Records from a collection

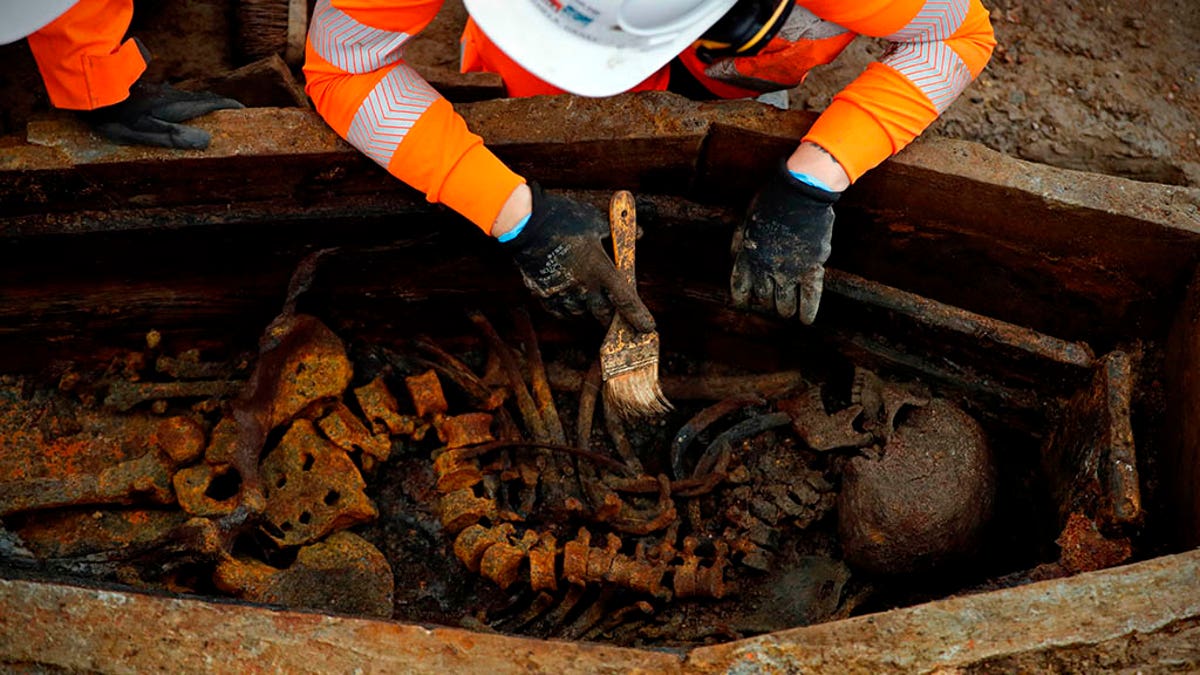 A field archaelogist uses a brush on a skeleton in an open coffin during the excavation of a late 18th to mid 19th century cemetery under St James Gardens near Euston train station in London on November 1, 2018 as part of the HS2 high-speed rail project. (Credit: ADRIAN DENNIS/AFP/Getty Images)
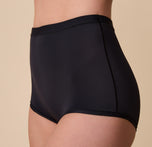 A three-quarter side view of Gracie modeling the Bliss Boyshort, highlighting its detailed construction and flexible fabric.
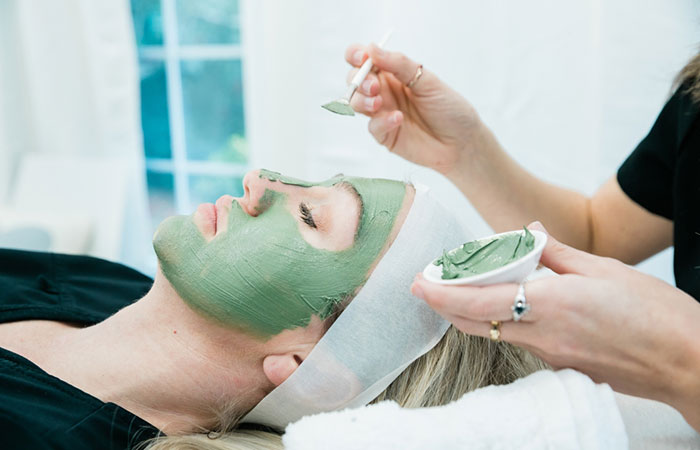 Woman applying green tea on face to reduce inflammation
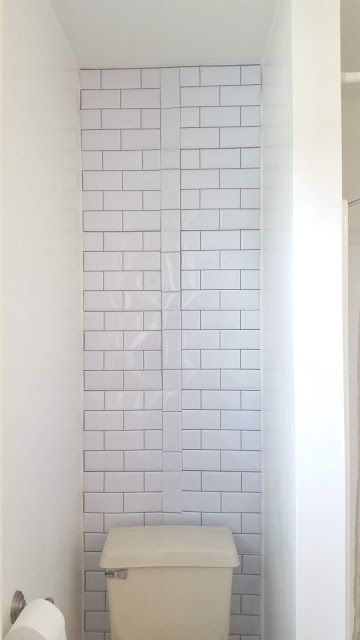 Dollar Tree Peel and Stick Subway Wall | Shanetta DIY Life Dollar Tree Wall Tiles, Peel And Stick Subway Tile, Wall Tiles Bathroom, White Subway Tiles, Wall Diy, White Subway Tile, Peel And Stick Tile, Bathroom Wall Tile, Stick On Tiles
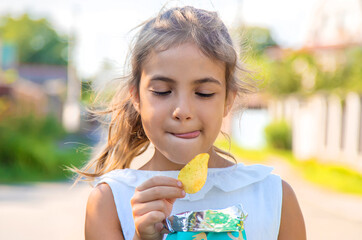 The child is eating chips. Selective focus.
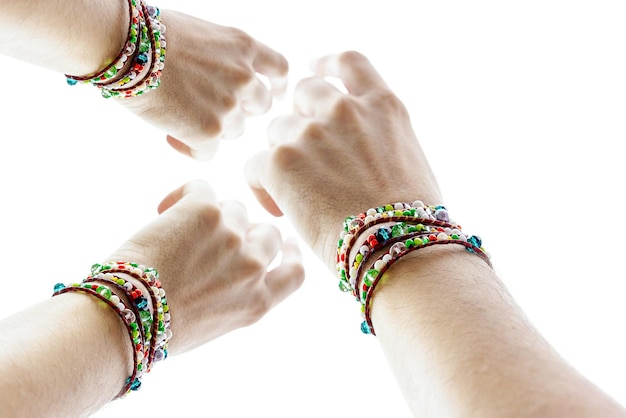 Photo cropped hands of people with bracelets against white background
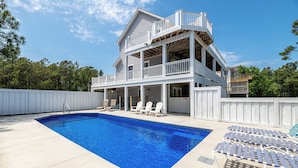 Une maison à deux étages avec une piscine, des chaises longues et une clôture blanche.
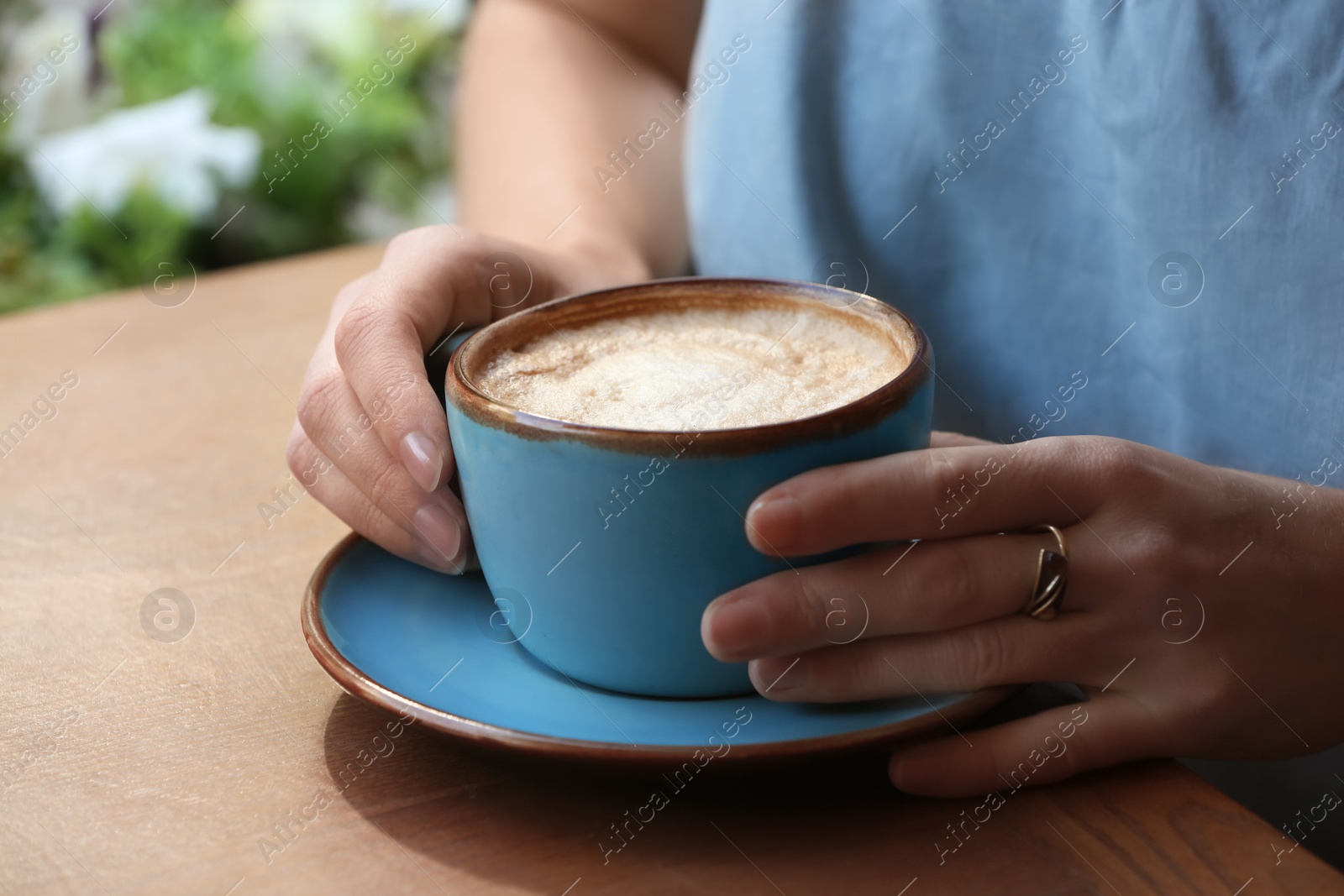 Photo of Woman with cup of fresh aromatic coffee at table, closeup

Brief
Return the lines exactly, from the one containing "Dollar Tree Peel" through the last line above, including both ends and excluding every picture.

Exercise answer
 Dollar Tree Peel and Stick Subway Wall | Shanetta DIY Life Dollar Tree Wall Tiles, Peel And Stick Subway Tile, Wall Tiles Bathroom, White Subway Tiles, Wall Diy, White Subway Tile, Peel And Stick Tile, Bathroom Wall Tile, Stick On Tiles
 The child is eating chips. Selective focus.
 Photo cropped hands of people with bracelets against white background
 Une maison à deux étages avec une piscine, des chaises longues et une clôture blanche.
 Photo of Woman with cup of fresh aromatic coffee at table, closeup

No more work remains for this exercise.